Among various biometric techniques such as (fingerprint,
signature, face, palm-print, palm-vein, iris etc.) iris is found to
be the most reliable and accurate trait for high secured
applications. It is because iris is unique, stable, and noninvasive.
Iris recognition is the process of identifying an
individual by analyzing its iris pattern. The iris is a muscle
within the eye that regulates the size of the pupil. It is the
colored portion of the eye with coloring based on the
pigmentation within the muscle. The basic block diagram of
iris recognition system is shown in Fig.1. The whole system
consists of segmentation, normalization, feature extraction,
and matching.
The segmentation is the separation of iris from an
eye image. In 1993, Daughman [1] pioneer of iris recognition
system developed an integro-differential operator to localize
the inner and outer boundaries of the iris. In Wildes [2], first
the image intensity information converted into binary edge
map, and then edge points vote to instantiate the particular
contour parameter values. The edge map is recovered via
gradient based edge detection with the circular Hough
Transform. Li Ma et. al. [3], [4] first project the image in the
vertical and horizontal directions to approximately estimate
the center co- ordinates of the pupil. The center co-ordinates
of the iris are estimated with the help of threshold.
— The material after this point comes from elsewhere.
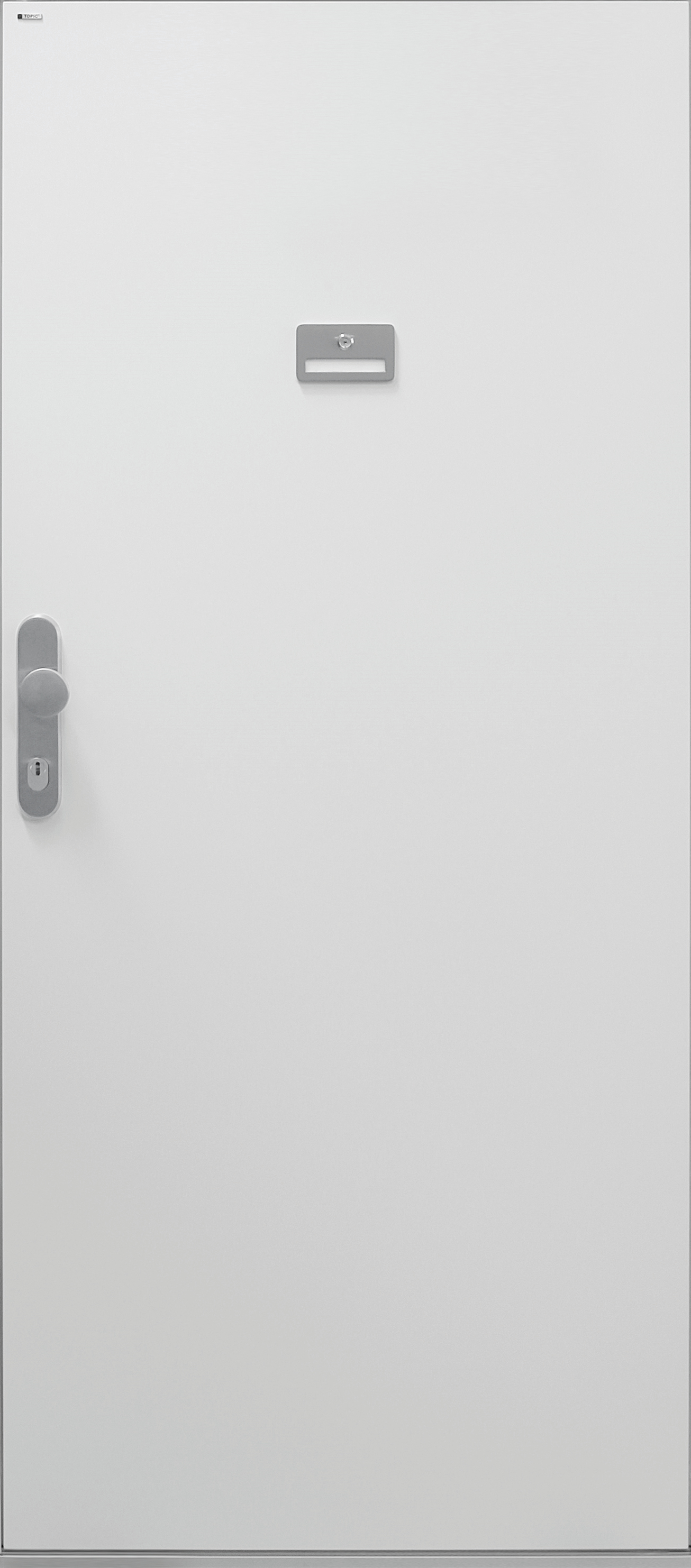 Wohnungstür apartment door Sicherheitstür Renovierungstür www.topic.at Wohnungstür apartment door Sicherheitstür Renovierungstür www.topic.at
The canny
edge detector and Hough Transform are then used to calculate
the parameters of the iris. The normalization is used to
simplify the further processing. The feature extraction is the
heart of the iris recognition system which extracts the features
from normalized iris image. The feature extraction generally
classified into three main categories-phase based method,
zero-crossing detection and texture based method. The Gabor
wavelet, Log-Gabor wavelet are used to extract the phase
information proposed by Daughman [1], Meng and Xu [5], L.
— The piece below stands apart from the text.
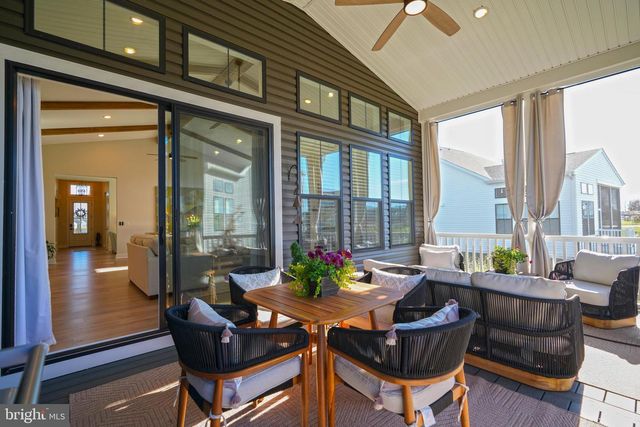 34517 SCENIC HARBOR WAY, Lewes, DE 19958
Masek [6], Proenca and Alexandre [7], M. Vatsa et. al. [8].
Boles and Boshash [9], Sanchez–avilla [10] used the DWT to
compute the zero-crossing representation at different
resolutions of concentric circles. Wildes [2] proposed the
characterization of iris texture through Laplacian Pyramid
with four different resolutions. Many researchers extracted the
texture features using bank of spatial filter [3], Haar [11]. The
Hamming Distance, Euclidean, weighted Euclidean Distance,
and signal correlation are used for the matching purpose. The
detailed literature on iris recognition can be found in [12].
The rest of this paper is organized as follows.
Section 2 provides an overview of proposed approach. A
detail description of the iris preprocessing, feature extraction,
feature vector and matching are given in Section 3, 4, 5 and 6
respectively. Section-7 reported the experimental results.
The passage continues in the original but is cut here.